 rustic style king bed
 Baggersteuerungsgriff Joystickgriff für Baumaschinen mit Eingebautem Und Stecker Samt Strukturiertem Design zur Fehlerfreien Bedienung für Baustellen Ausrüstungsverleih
***
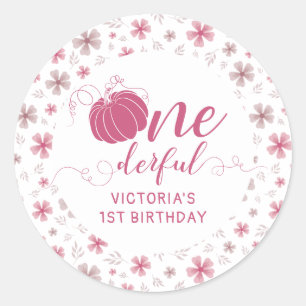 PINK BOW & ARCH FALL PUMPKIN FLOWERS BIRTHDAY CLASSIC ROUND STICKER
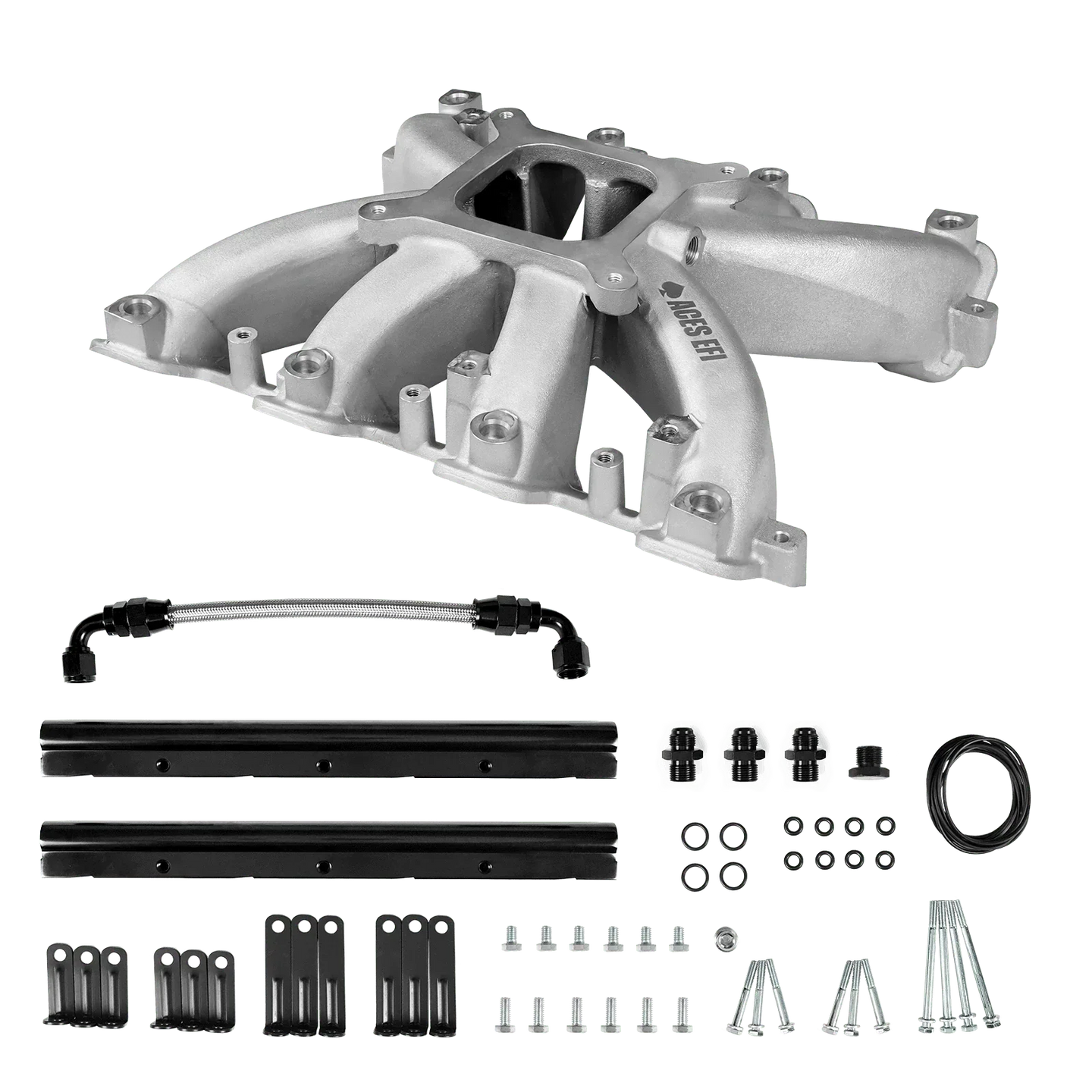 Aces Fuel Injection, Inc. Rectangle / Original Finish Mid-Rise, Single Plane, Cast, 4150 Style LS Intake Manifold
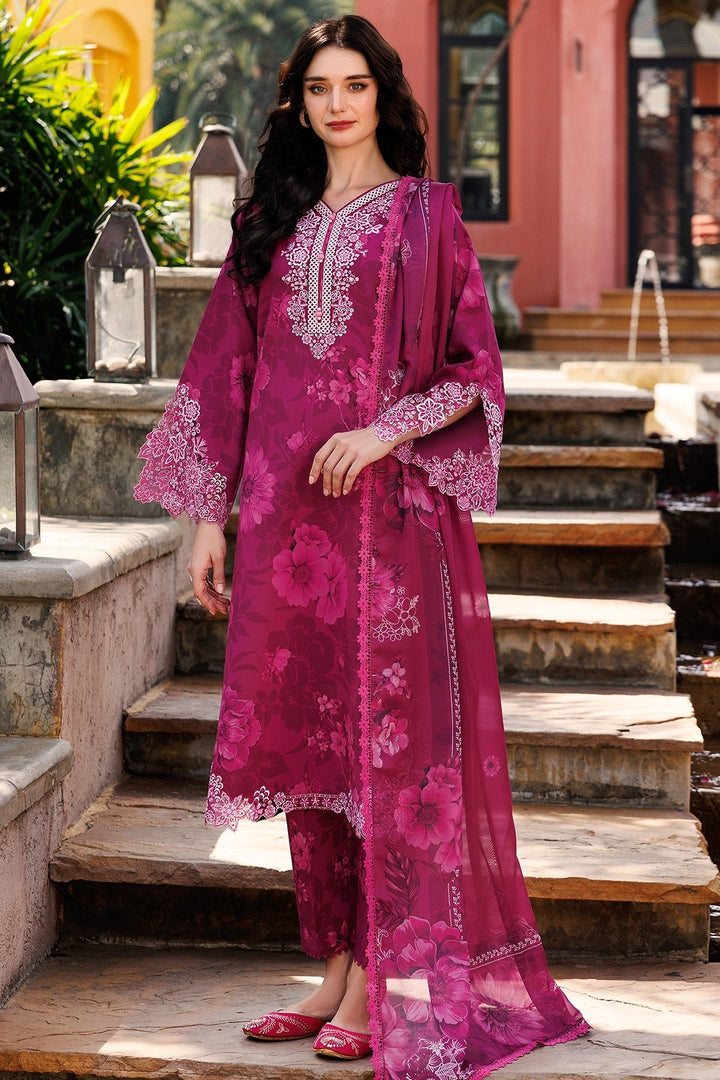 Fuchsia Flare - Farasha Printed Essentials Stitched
***
• What the task requires: Of the records above, print only the lines from the one containing "Aces Fuel Injection, Inc." through the one containing "Fuchsia Flare - Farasha", inclusive and unaltered, leaving out pictures.

• Completed task:
 Aces Fuel Injection, Inc. Rectangle / Original Finish Mid-Rise, Single Plane, Cast, 4150 Style LS Intake Manifold
 Fuchsia Flare - Farasha Printed Essentials Stitched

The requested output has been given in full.